In our model, the relationship between the dominant literacy and the many
community literacies is represented by the large arrow that passes temporally
through all community spheres. This temporal element was heavily informed both
by Brandt’s notion of the piling up or accumulation of literacy practices and
also Johnson-Eilola’s discussion of the hypertextual or intertextual
relationships within texts as products. Within the schema, this simple two
dimensional image belies a complex four dimensional relationship. That is, the
dominant literacy ideology flows through the many communities across time, encapsulating
the ideological shifts in the dominant and community literacies. The community
literacies include speech, writing and reading, as well as other literate
behaviors or practices. Beside the series of green circles representing a
language community’s core literacy ideology across time, there is another group
overlapping circles that represent the overlapping spheres of different
language communities. Of course, there can be overlap between multiple language
communities, in terms of the experiences of a single individual or group or
individuals. There can also be communities that do not overlap with other communities.
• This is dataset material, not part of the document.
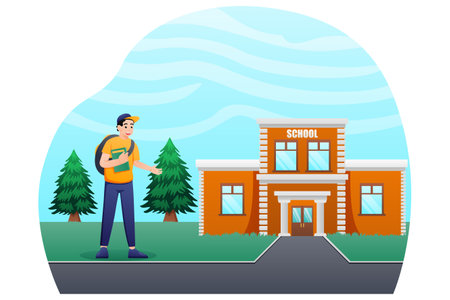 Back to School Flat Design Illustrationのイラスト素材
While it might be difficult in the real world to identify communities that
share no overlap with other communities in terms of the characteristics of the
language users within the communities, we allowed for such mutual exclusivity
in our model because then such communities could interact and share literacy
practices within contact zones. Over time, such contact zones could conceivably
bring the communities together inexorably in terms of shared language features
and literacy ideologies. Contact zones also occur between individual language
communities and the interaction between other community ideologies with the
dominant ideology.
Now,
to move back or up (i.e., within the related concepts in the schema, towards
the top of the image) we envisioned that the large arrow flowing from the
dominant Literacy ideologies would contain the interaction between dominant and
community literacies in the form of normative socialization such as schooling,
professional development, etc. As communities undergo socialization, some
dominant literacy practices may be retained and some language practices
associated with the language communities can interact or push back against the
dominant literacy as described by Richardson. We did not have the space in the
image to depict the arrows that move in the opposite direction to the other
errors, emanating from the communities towards the dominant ideology. According
to Richardson, and as we intended to be implicit in our schema, the local
literacy ideologies can impact the dominant ideology, but the disparity in
force or influence might always be imbalanced in favor of the dominant
ideology. Such bidirectionality happens in the interaction space of our schema,
but also, perhaps more effectively, in the space for negotiation depicted near
the bottom of the image where many of the arrows converge. One critical
assumption on our part affects interpretation of the negotiation that occurs because
of the many points of contact between/within communities and the dominant Literacy
ideology. We assumed that this negotiation space could navigated by individuals
who are deemed successful in that they have agency from navigating multiple
ideologies. Success is defined in terms of being literate within a community
according to the local normative standards that define that ideology, AND the
ability to critically interact with or within the dominant Literacy ideology. In
Bizzell’s terms, these individuals would have the rhetorical ability to
understand multiple audiences, with critical insights that come from the
awareness of the power imbalance between the dominant ideology and the myriad
local ideologies. Our negotiation space describes an ideal form of the possibilities for negotiation, where success and agency
are complex terms that are determined in part by those competing ideologies. A
specific literate individual would likely be literate within his or her own
language community and as a result capable of pursuing literacy in other
communities or by performing the literate practices sanctioned by the dominant
ideology. We speculated that the “successful” navigation of the negotiation space,
which is a confluence of contact zones, might be apparent in such an individual’s
composition of texts in the form of agency.
Works Cited
Bizzell, Patricia. “Arguing about
Literacy.” College English 50.2 (1988): 141-53.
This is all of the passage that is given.